Soviet Horse Race
Hello from a valley in Kyrgyzstan. The cell signal is out. The wifi never-existent. Mountain foal roaming about, some with their two front hooves hobbled by leather straps, some allowed to run freely. The elevation a breezy 2,500 meters at the valley floor. Above, a new moon. Stars all dome-y and whoa from cliff to treetop. And down at the far end of it all, like vanilla ice cream dessert, a glacier just begging to be hiked.
If you get this message then it means the hulking, green, elegantly blunt soviet-era machine that got us to this remote valley didn’t flip over on a wooden bridge or fail us while fording some river on the way out, back to the world of connectivity.
Earlier today: An extremely strong and ancient and (seemingly) wise woman at a sanatorium instructed me passionately in Kyrgyz or Russian to do this or that while giving me a massage that I can describe only as: vigorous and frictive. And so here is a Ridgeline, from somewhere between that old sanatorium and a glacier. It is as odd as the place I am in right now.
I recently explained (once prodded) to a surgeon sat next to me on a plane that I had been doing a lot of walking and walking had come to typify the rhythm and schedule of my life. He looked at me with suspicion. Walking? I knew what he was thinking: You’re doing it wrong — Life. I knew this because he had already issued unsolicited condemnations of the lives of others (those famous, successful!) and had told me in broad strokes his various formulae for Life Richness. A regimen of extended walking did not fit the bill.
I found his sureness of life philosophies and his presumed understanding of the lives of others appalling and entrancing. He didn’t mean his judgements maliciously — they were simply facts by which the world worked in his mind. And I think he meant his judgements instructively. These were lessons. It was paternal, if a bit wacky, and probably far too deep a discussion for a flight at six in the morning.

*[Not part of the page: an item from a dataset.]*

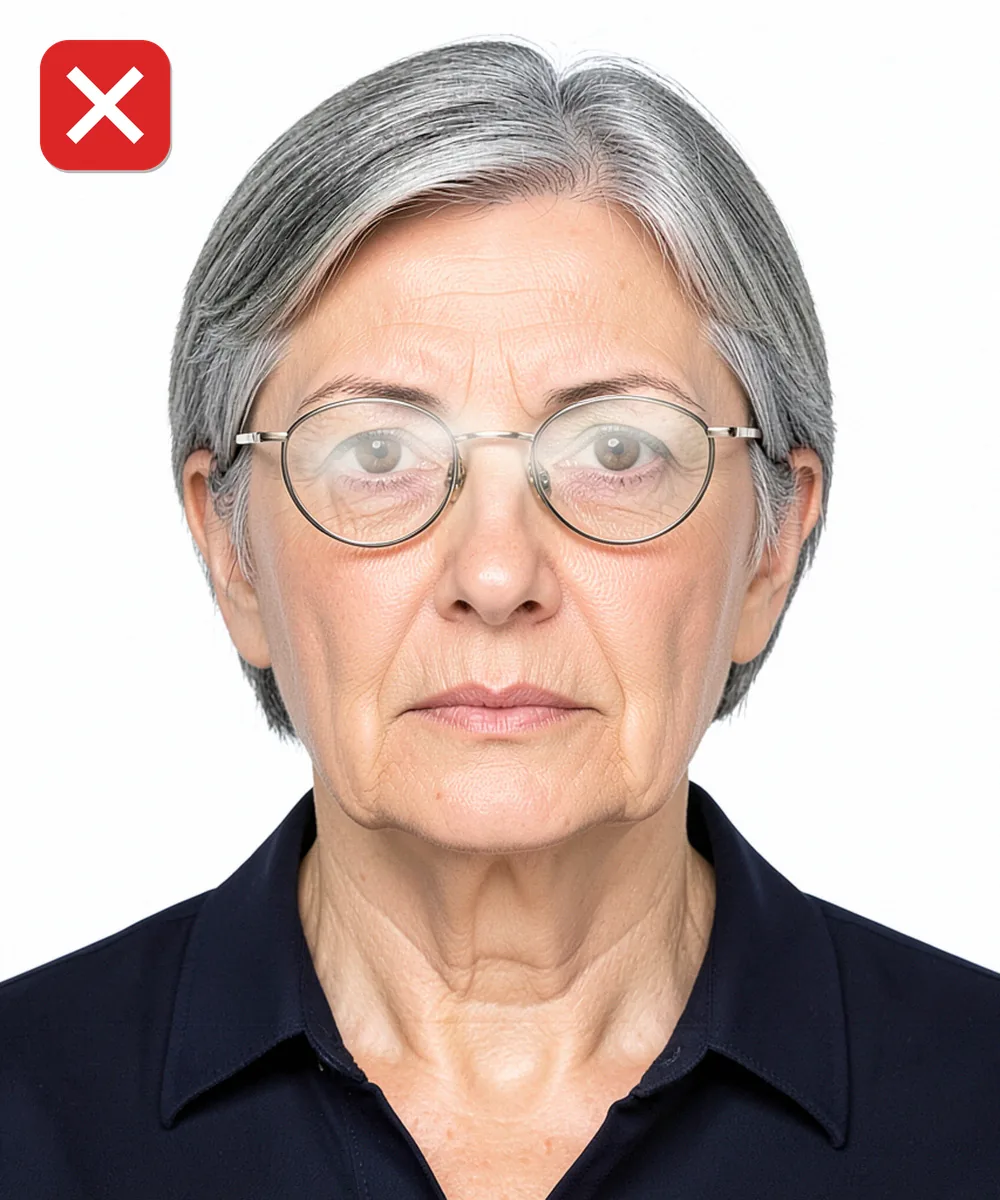 Passport Photo in Maltepe — Incorrect ID photo: glare on the glasses lenses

But the whole episode made me think of fathers, and my father specifically because — and I say this without hyperbole — my father taught me not one single thing. At least nothing in the tangible, actionable, life lesson bucket of knowledge. Certainly nothing in the judgy all-knowing realm of knowledge. My parents divorced soon after adopting me, and so in part it was because I only saw him once a week. And yet! It seems impossible but I’ve tried to dredge up anything — anything! — he may have taught me: how to catch a ball, tie a rope, find an edible mushroom, talk to a girl, answer a phone, take a complement, wire a light socket, make an omelet, sew a shirt, write a sentence, a poem, read a book critically, hardily shake a hand, order a non-fast food meal, properly tip, tie a tie, listen to a record, chop a tree, mow a lawn. Nada. He just didn’t have it in him. He himself came from a desert of knowledge and the best he could do was try to keep himself together — try to keep his wobbly ship with broken masts and a single oar moving forward — never mind instruct a tiny human in the ways of a world that was — I now know — wholly and obviously mysterious even to himself.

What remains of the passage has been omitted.